SUPPLIED ENTRIES:
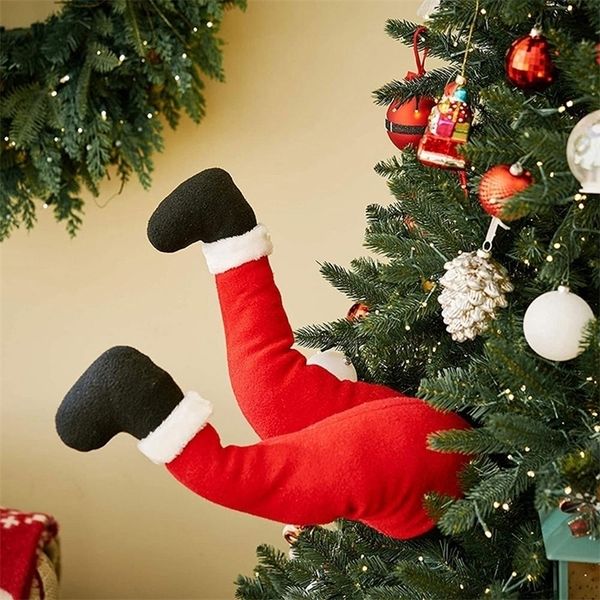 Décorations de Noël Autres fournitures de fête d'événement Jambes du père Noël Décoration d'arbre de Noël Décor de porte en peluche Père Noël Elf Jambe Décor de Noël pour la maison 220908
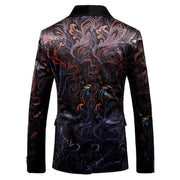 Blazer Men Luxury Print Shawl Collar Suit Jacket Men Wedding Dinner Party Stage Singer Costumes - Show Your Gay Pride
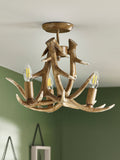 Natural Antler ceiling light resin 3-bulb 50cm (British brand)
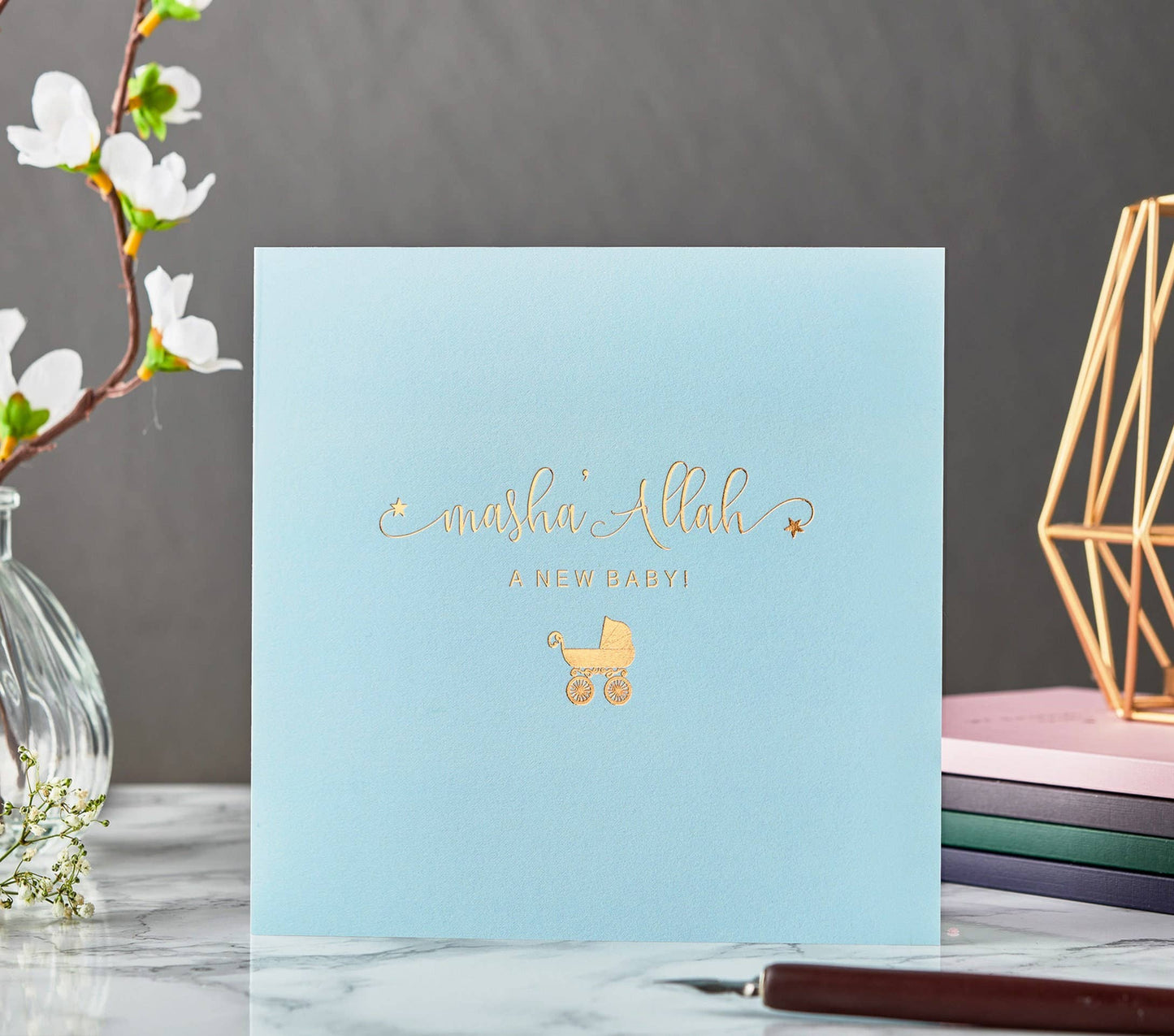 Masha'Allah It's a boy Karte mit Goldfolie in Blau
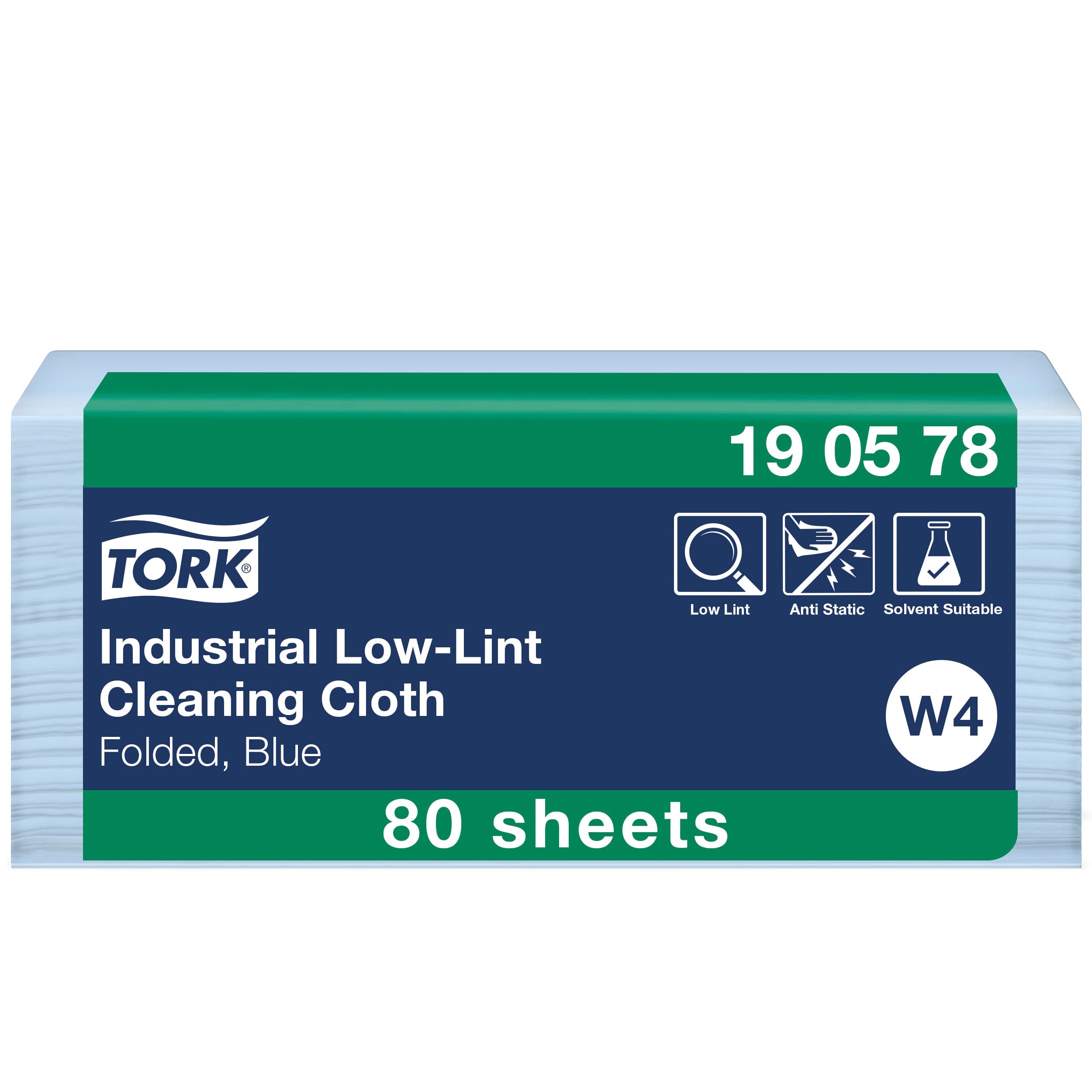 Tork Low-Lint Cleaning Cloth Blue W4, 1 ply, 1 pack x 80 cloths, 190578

TASK PROMPT: Once the pictures are set aside, please output all the data word for word.

EXPECTED OUTPUT:
 Décorations de Noël Autres fournitures de fête d'événement Jambes du père Noël Décoration d'arbre de Noël Décor de porte en peluche Père Noël Elf Jambe Décor de Noël pour la maison 220908
 Blazer Men Luxury Print Shawl Collar Suit Jacket Men Wedding Dinner Party Stage Singer Costumes - Show Your Gay Pride
 Natural Antler ceiling light resin 3-bulb 50cm (British brand)
 Masha'Allah It's a boy Karte mit Goldfolie in Blau
 Tork Low-Lint Cleaning Cloth Blue W4, 1 ply, 1 pack x 80 cloths, 190578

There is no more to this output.